---- Input for this task
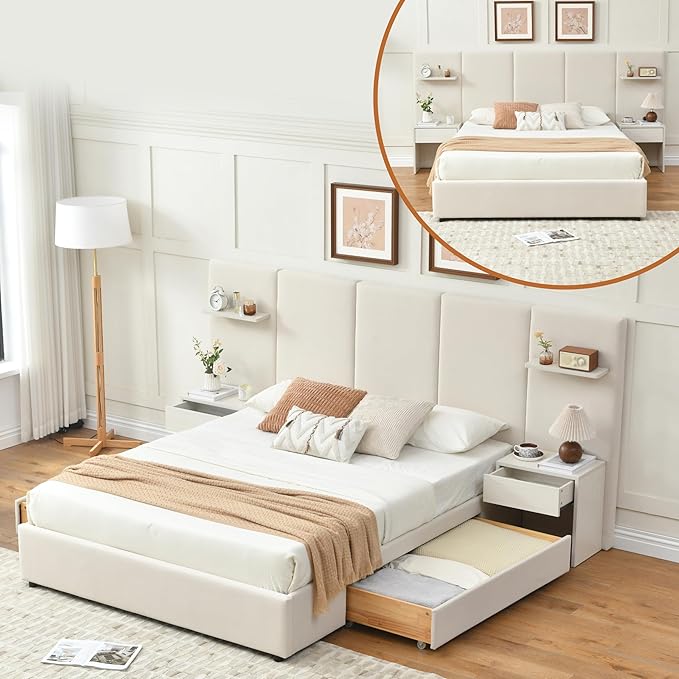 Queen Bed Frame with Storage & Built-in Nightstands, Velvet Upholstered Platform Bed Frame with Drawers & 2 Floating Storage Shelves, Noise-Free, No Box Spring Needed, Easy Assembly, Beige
--------
---- Input for this task
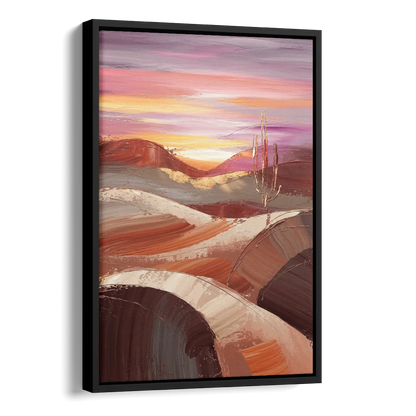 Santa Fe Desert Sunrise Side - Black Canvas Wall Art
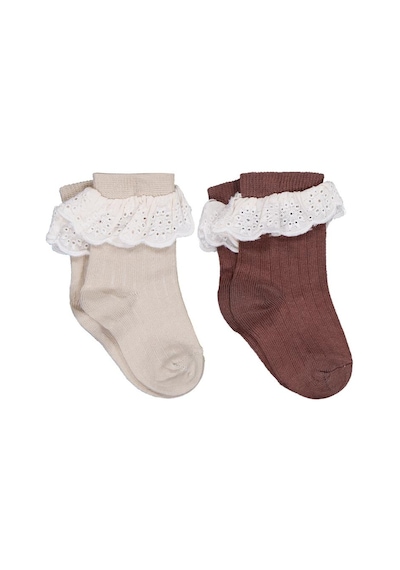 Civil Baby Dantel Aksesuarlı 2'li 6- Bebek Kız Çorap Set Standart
--------
---- Input for this task
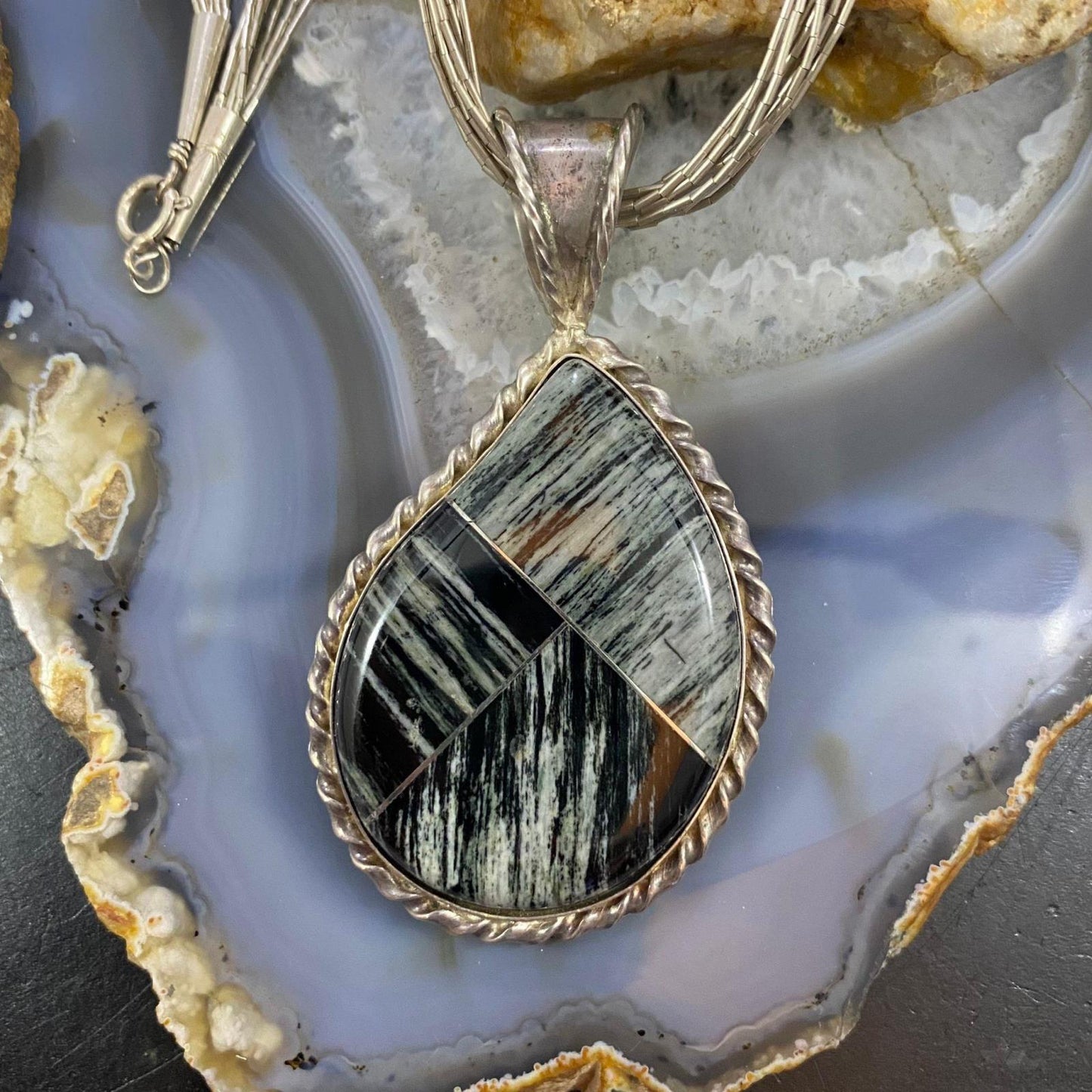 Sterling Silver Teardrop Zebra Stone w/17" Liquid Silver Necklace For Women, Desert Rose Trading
--------
Lines from the one above containing "Santa Fe Desert" down to the one containing "Civil Baby Dantel" should be transcribed exactly, with both ends kept and no pictures.

→ Exercise output:
 Santa Fe Desert Sunrise Side - Black Canvas Wall Art
 Civil Baby Dantel Aksesuarlı 2'li 6- Bebek Kız Çorap Set Standart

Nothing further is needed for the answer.